## Your task
Omit the pictures, then write out every entry exactly as it reads.
☆ ☆ ☆ ☆ ☆
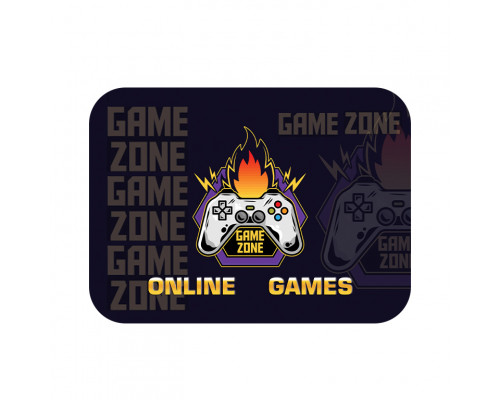 Коврик д/лепки А3 ПЧЁЛКА НПД-2 GAME ZONE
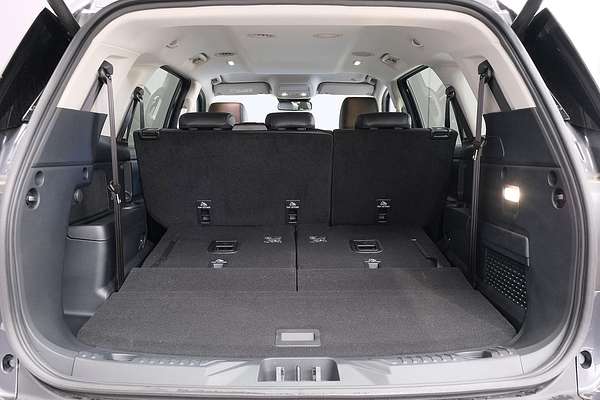 2025 Ford Everest Sport 2.0L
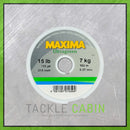 Ultragreen Monofilament Leader Line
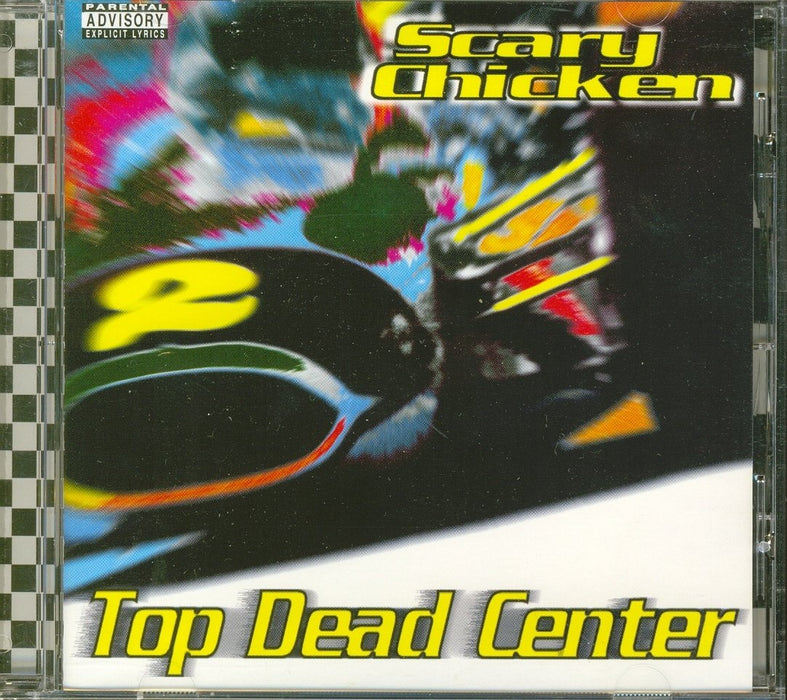 Top Dead Center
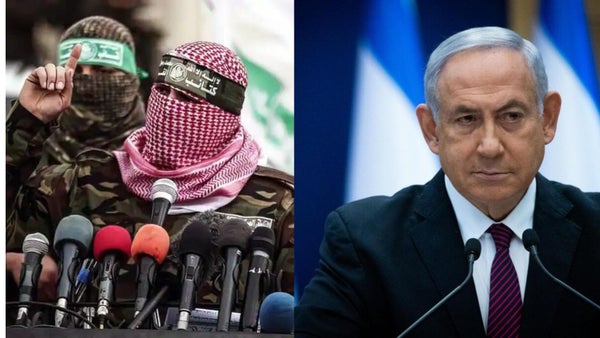 Israel acepta el acuerdo con Hamás para liberar rehenes y tregua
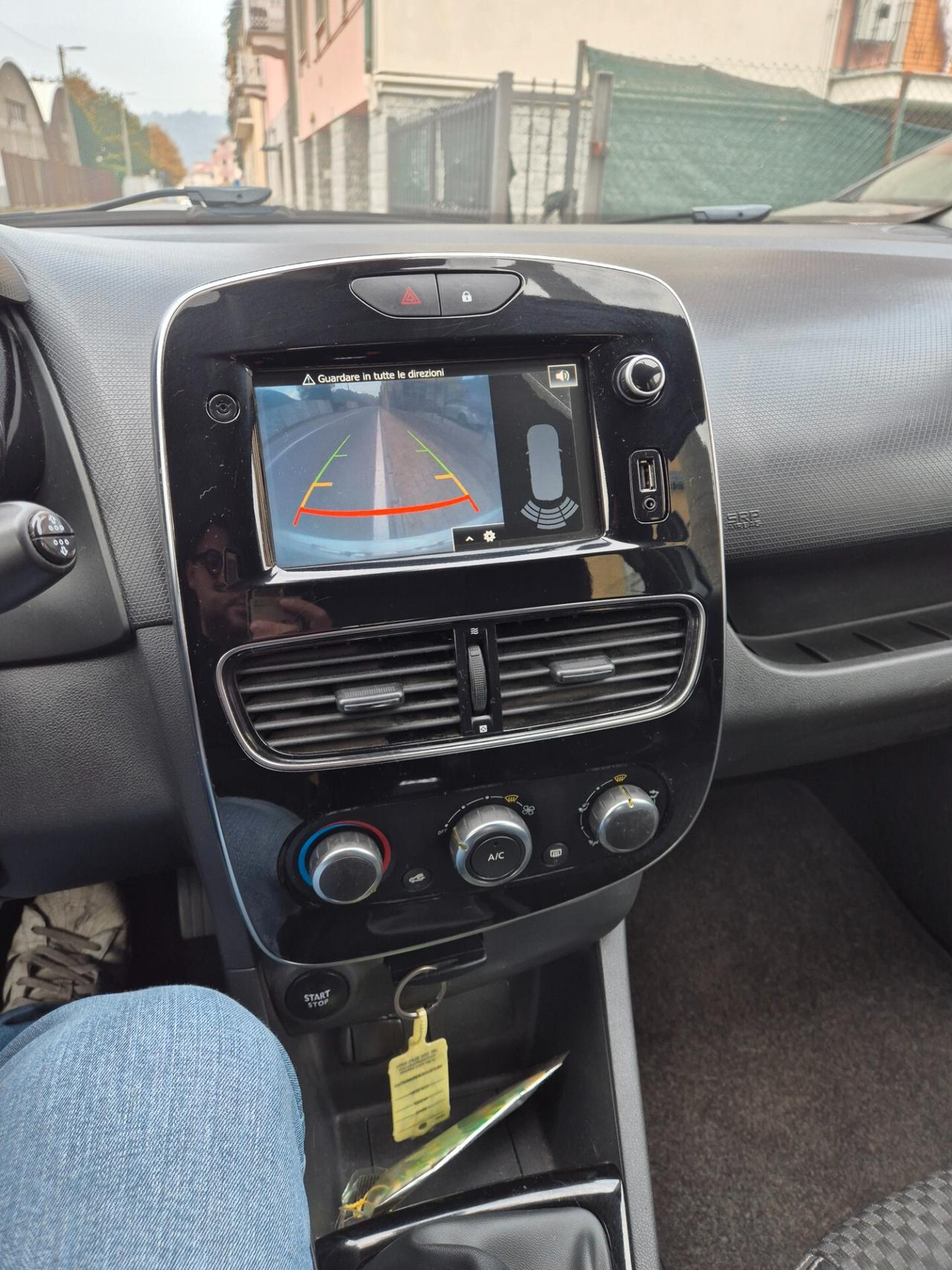 Renault Clio TCe 12V 90 CV GPL MOSCHINO 126KM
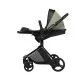 Carucior transformabil 2 in 1 Skiddou Nasjo Wild Climber Verde Carucior transformabil 2 in 1 Skiddou Nasjo Wild Climber Verde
☆ ☆ ☆ ☆ ☆
## Task output
 Коврик д/лепки А3 ПЧЁЛКА НПД-2 GAME ZONE
 2025 Ford Everest Sport 2.0L
 Ultragreen Monofilament Leader Line
 Top Dead Center
 Israel acepta el acuerdo con Hamás para liberar rehenes y tregua
 Renault Clio TCe 12V 90 CV GPL MOSCHINO 126KM
 Carucior transformabil 2 in 1 Skiddou Nasjo Wild Climber Verde Carucior transformabil 2 in 1 Skiddou Nasjo Wild Climber Verde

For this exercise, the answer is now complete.